Last updated: May 20, 2026

Executive summary

  • Mepolizumab remains the dominant anti-IL-5 biologic for eosinophilic asthma and has established expansion into other eosinophil-driven diseases; commercial growth is tied to (1) label/geography expansion, (2) switching from alternative add-ons, and (3) pipeline refresh to protect share against competitive IL-5/IL-5R and IL-4/13 biologics.
  • Near-term market outlook remains growth-led with pricing pressure as insurers intensify prior authorization and as competitor penetration increases in steroid-dependent asthma.
  • From a patent/regulatory risk standpoint, the product line is mature; upside in the next decade is driven more by new indications, line extensions (e.g., pediatric programs), and potential new delivery formats than by a single blockbuster re-acceleration event.

How is mepolizumab performing in clinical trials in 2026?

Mepolizumab’s clinical program is anchored in eosinophilic asthma and other eosinophil-mediated conditions. Trial activity in this class typically emphasizes: (a) lung function and exacerbation reduction as primary endpoints in asthma, (b) steroid-sparing and maintenance endpoints, and (c) biomarker-stratified response (blood eosinophils, FeNO where used).

What asthma trials are currently shaping mepolizumab’s label and uptake?

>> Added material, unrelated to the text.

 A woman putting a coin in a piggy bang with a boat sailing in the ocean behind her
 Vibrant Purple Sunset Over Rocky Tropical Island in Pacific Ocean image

  • Current asthma development is focused on optimization of patient selection (lower eosinophil cutoffs and different phenotype definitions), duration and dosing regimens (where trials test subcutaneous schedules or longer maintenance windows), and outcomes in pediatrics.
  • In practice, these studies tend to support guideline uptake by reinforcing steroid sparing and exacerbation reduction in real-world-typical populations that insurers cover (severe eosinophilic or steroid-dependent asthma).

What eosinophilic comorbidity trials matter for market growth?

Mepolizumab’s market narrative is linked to durable uptake beyond asthma when trials show clinically meaningful outcomes:

  • Eosinophilic granulomatosis with polyangiitis (EGPA): focus on remission, relapse prevention, and steroid reduction.
  • Hypereosinophilic syndrome (HES) variants: endpoints typically emphasize symptom control and organ involvement stability.
  • Eosinophilic esophagitis and other rarer eosinophilic disorders: if supported by positive pivotal trials, these expand addressable markets but have higher payer friction due to rarity and biomarker criteria.

How do ongoing trials influence forecasting assumptions?

Forecast models typically treat mepolizumab’s future growth as a function of:

  1. Patient expansion within asthma (broader eligibility and better guideline alignment).
  2. Higher dosing adherence and persistence (reducing treatment drop-off after initial response).
  3. Incremental adoption of new indications (primarily adult and pediatric settings).
  4. Competitive displacement dynamics (dupilumab/tezepelumab and IL-5 competitors).

What is the latest market size and growth outlook for mepolizumab?

Mepolizumab’s market is best modeled as a biologic specialty drug with a base of severe asthma and a secondary growth engine from EGPA and other eosinophilic diseases. Growth rates depend on:

  • Incidence of eligible severe asthma, including corticosteroid-dependent and exacerbation-prone segments.
  • Formulary positioning and payer requirements (biomarker thresholds).
  • Switching behavior from other add-on biologics and oral steroid regimens.
  • Competitive intensity from anti-IL-5 (benralizumab) and anti-IL-5R (mepolizumab and benralizumab class overlap), and anti-TSLP (tezepelumab), plus IL-4/13 (dupilumab).

How is revenue typically allocated across indications?

  • Severe eosinophilic asthma is the primary revenue driver.
  • EGPA is the principal secondary driver where uptake is supported by guideline adoption and steroid-sparing benefits.
  • HES and other rare indications add incremental growth but remain smaller due to prevalence and payer criteria.

What pricing and reimbursement levers shape revenue?

  • US: net pricing is impacted by rebates, managed entry agreements, and payer utilization management. High-cost specialty biologics face tightening criteria for “clinical severity” and eosinophil confirmation within defined windows.
  • EU/UK: channel mix and HTA outcomes determine formulary access. Evidence strength for exacerbation reduction and steroid-sparing is central.

When does mepolizumab lose exclusivity, and what does that mean for competition?

Executive answer: Exclusivity and patent expiration drive generic and biosimilar entry risk, but for monoclonal antibodies, competitive pressure is more often from biosimilars than true generics and is governed by biologics pathway and reference product market exclusivity.

What patents control mepolizumab market protection?

  • Patent estates for biologics typically include:
    • Composition-of-matter on the antibody sequence or specific variants.
    • Formulation and device aspects for subcutaneous delivery (stability, concentration, excipients).
    • Method-of-use patents tied to eosinophilic asthma or EGPA treatment.
    • Manufacturing process patents (cell line, purification, process conditions).
  • For forecasting, the practical risk is patent cliffs on method-of-use and formulation rather than only the core antibody composition.

How does biosimilar timing affect launch scenarios?

  • Biosimilar competition usually arrives with launch-driven uptake in high-volume segments and switches facilitated by payer contracts.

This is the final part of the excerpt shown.